James Hendler, director of the Institute for Data Exploration and Applications (IDEA) and the Tetherless World Professor of Computer, Web and Cognitive Sciences at Rensselaer Polytechnic Institute, has been honored by the Association of Moving Image Archivists (AMIA) with its inaugural AMIA Spotlight Award. He received the award during the organization’s Digital Asset Symposium in New York City on May 5.
The Spotlight Award is given in recognition of significant contributions to the field of media preservation and access at the discretion of the AMIA board. Hendler’s visionary role in creating access to diverse content through semantic technologies and machine learning led the board’s decision to honor his accomplishments.
A highly respected author and expert, Hendler has written over 350 books, technical papers, and articles in the areas of semantic web, artificial intelligence, agent-based computing, and high performance processing. His most recent book is Social Machines: The Coming Collision of Artificial Intelligence, Social Networking, and Humanity.
One of the originators of the Semantic Web, Hendler was the recipient of a 1995 Fulbright Foundation Fellowship, is a former member of the U.S. Air Force Science Advisory Board, and is a fellow of the Association for the Advancement of Artificial Intelligence, the British Computer Society, the Institute of Electrical and Electronics Engineers, and the American Association for the Advancement of Science.
The technologies of the Semantic Web, and particularly the linked data approach that Hendler has advocated in his work with academic, government, and industrial partners, is increasingly being recognized as a way to make it possible for the “metadata” used in archiving of videos to be more widely used and shared.
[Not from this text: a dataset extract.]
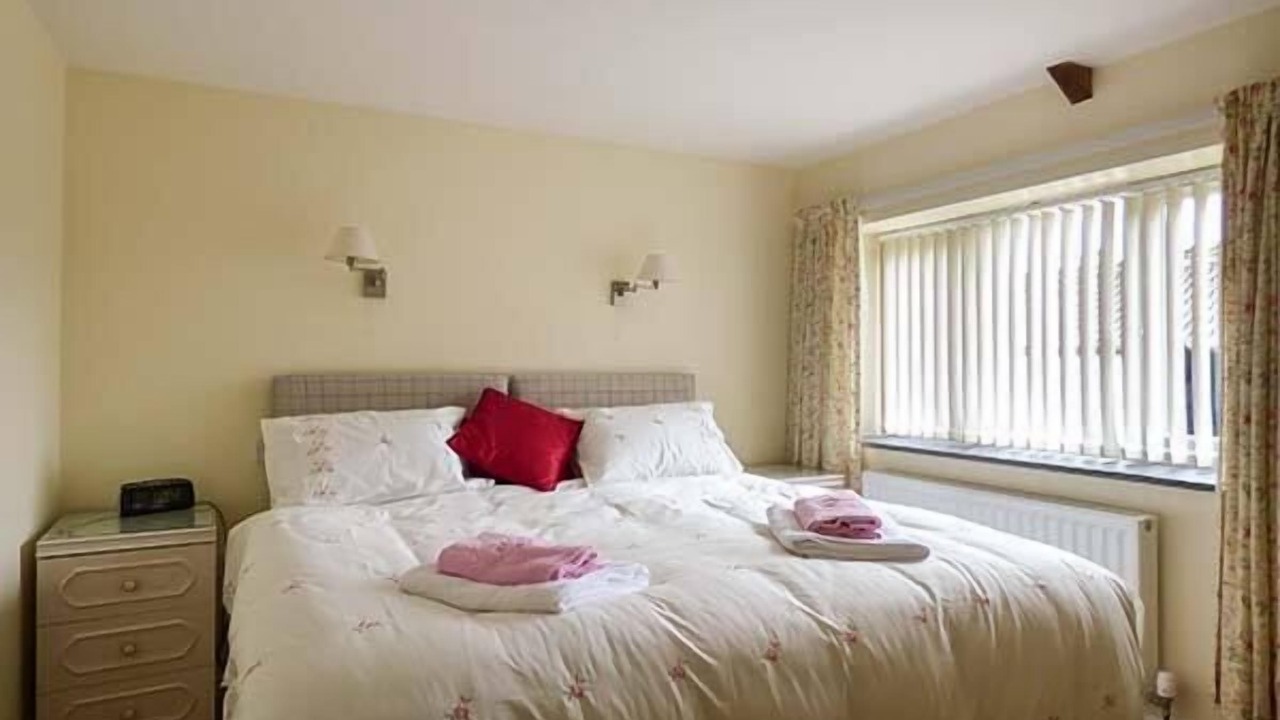 Photo of Bedroom in Brazzacott
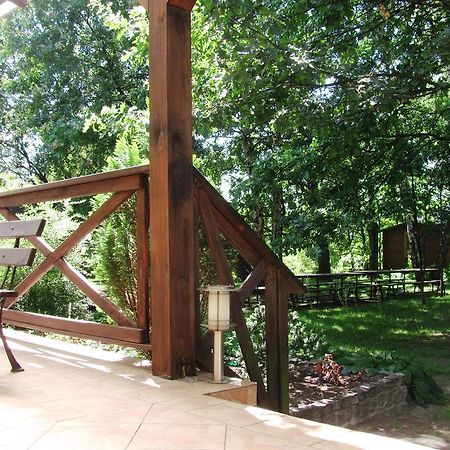 マルキ Park Na Wojskiego Bed & Breakfast エクステリア 写真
Demonstrations have ranged from better searching in movies and videos for specific scenes and for identifying and linking the characters in video, real or imaginary, to more information about these characters on the Web. In addition, new work at Rensselaer, led by Mei Si, assistant professor of cognitive science, is showing how these technologies can help link many kinds of data together, creating “interactive narratives” so people can dynamically create and explore stories and presentations from archived collections, including Rensselaer’s own library archives.
The Association of Moving Image Archivists is a nonprofit international association dedicated to the preservation and use of moving image media. AMIA supports public and professional education and fosters cooperation and communication among the individuals and organizations concerned with the acquisition, preservation, description, exhibition, and use of moving image materials.
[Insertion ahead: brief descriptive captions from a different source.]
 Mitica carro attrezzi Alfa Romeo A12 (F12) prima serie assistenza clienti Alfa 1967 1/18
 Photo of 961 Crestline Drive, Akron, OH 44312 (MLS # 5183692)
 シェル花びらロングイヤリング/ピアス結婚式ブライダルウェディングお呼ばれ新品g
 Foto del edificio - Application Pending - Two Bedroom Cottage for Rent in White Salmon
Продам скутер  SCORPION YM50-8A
Hendler’s work epitomizes The New Polytechnic, an emerging paradigm for teaching, learning, and research at Rensselaer. The New Polytechnic emphasizes and supports collaboration across disciplines, sectors, and regions to address the great global challenges of our day, using the most advanced tools and technologies, many of which are developed at Rensselaer.
About Rensselaer Polytechnic Institute
Rensselaer Polytechnic Institute, founded in 1824, is America’s first technological research university. For nearly 200 years, Rensselaer has been defining the scientific and technological advances of our world. Rensselaer faculty and alumni represent 85 members of the National Academy of Engineering, 17 members of the National Academy of Sciences, 25 members of the American Academy of Arts and Sciences, 8 members of the National Academy of Medicine, 8 members of the National Academy of Inventors, and 5 members of the National Inventors Hall of Fame, as well as 6 National Medal of Technology winners, 5 National Medal of Science winners, and a Nobel Prize winner in Physics. With 7,000 students and nearly 100,000 living alumni, Rensselaer is addressing the global challenges facing the 21st century—to change lives, to advance society, and to change the world. To learn more, go to www.rpi.edu.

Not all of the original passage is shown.